Configure a Kafka source connector for real-time event streaming
Configuring a Kafka source connector for real-time event streaming produces a continuously running pipeline that translates Kafka topic messages into XDM-formatted experience events and delivers them to a downstream data platform's streaming ingestion endpoint. The primary outputs are a registered connector instance in Kafka Connect, a verified RUNNING status for that connector, and an active dataflow in the target platform showing incoming records.
Key decisions include: which Kafka topics to consume (and whether to map one topic to one dataset or fan across multiple), whether to enable schema validation at the connector layer or rely on the ingestion endpoint for validation, and how to handle consumer group offsets and replay behavior for error recovery. The connect-distributed mode (as opposed to standalone) is strongly recommended for production as it enables fault tolerance and horizontal scaling across multiple Kafka Connect worker nodes.

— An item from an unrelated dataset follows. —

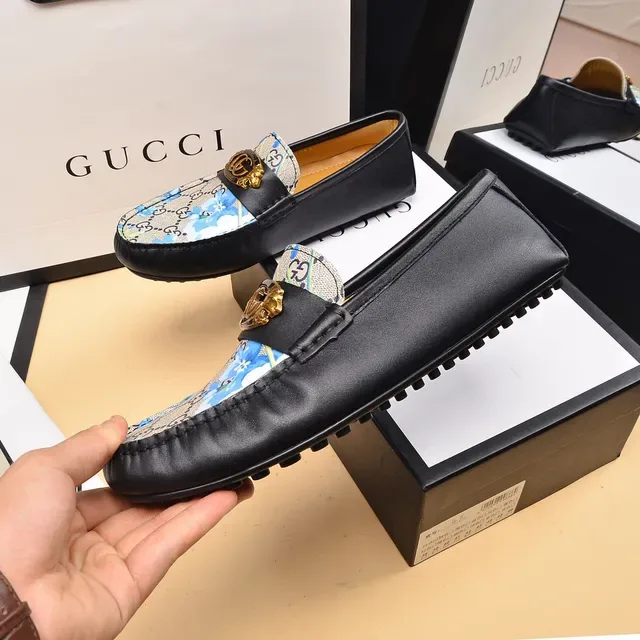 Gucci Horsebit 1955 mocasins de lona GG floral 7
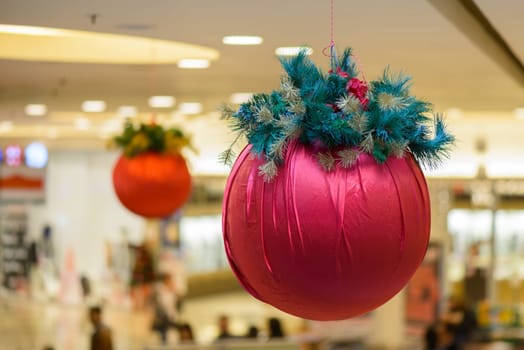 nice and big red ball  decorations for Christmas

This task has high parallelism across CDP architectures because Kafka is infrastructure-layer technology that is independent of the downstream platform. The AEP Sink Connector is AEP-specific, but the functional equivalent for a Snowflake-based composable CDP is the Snowflake Kafka Connector, which streams topic messages directly into Snowflake tables. For dbt-managed pipelines, the upstream source is still Kafka but the ingestion lands in a staging table that dbt then transforms. Teams evaluating composable alternatives should note that the schema contract (XDM vs. raw JSON vs. Avro) shifts depending on which connector is used, so schema governance decisions made at this stage have downstream implications for the data transformation layer.